● Task details
An exact copy is needed of the lines from the one that contains "This spacious room offers comfortable carpeting an This" through the final line of the data below, with pictures left out.

● Data excerpt
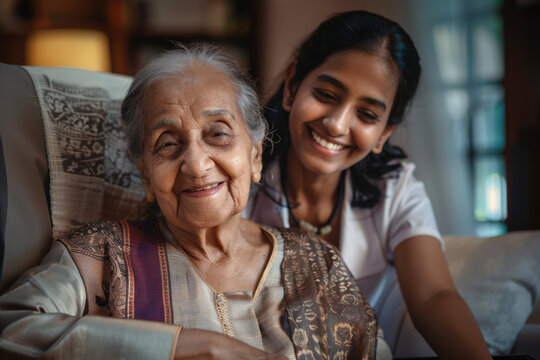 Happy Indian ethnic senior woman sitting in a wheel chair escorted by a care taker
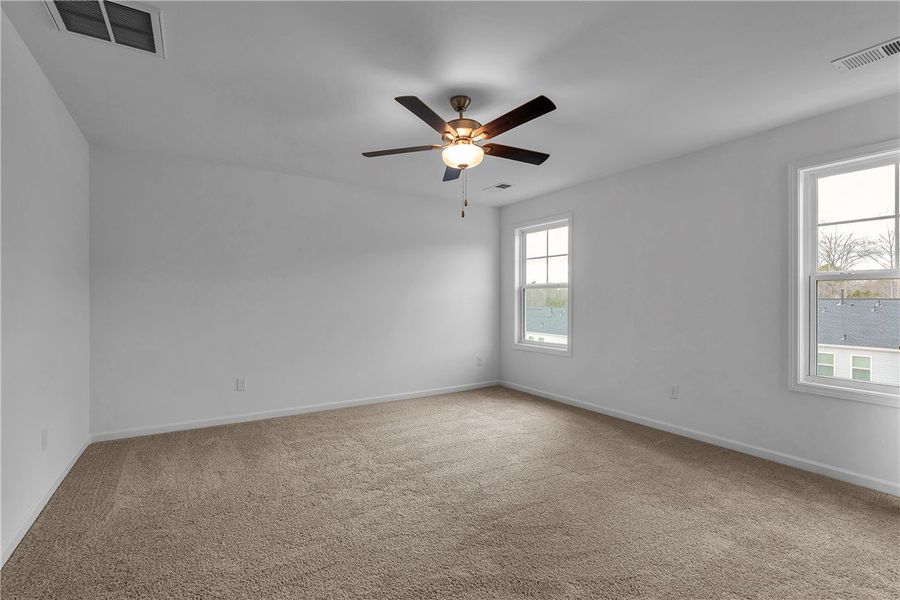 This spacious room offers comfortable carpeting an This spacious room offers comfortable carpeting an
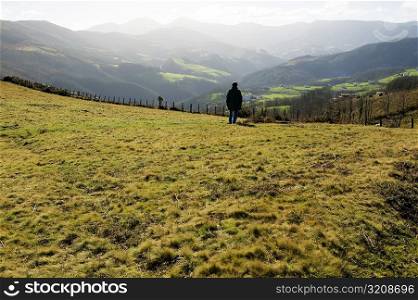 Rear view of a man standing on a hillside, Spain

● Solution to this exercise
 This spacious room offers comfortable carpeting an This spacious room offers comfortable carpeting an
 Rear view of a man standing on a hillside, Spain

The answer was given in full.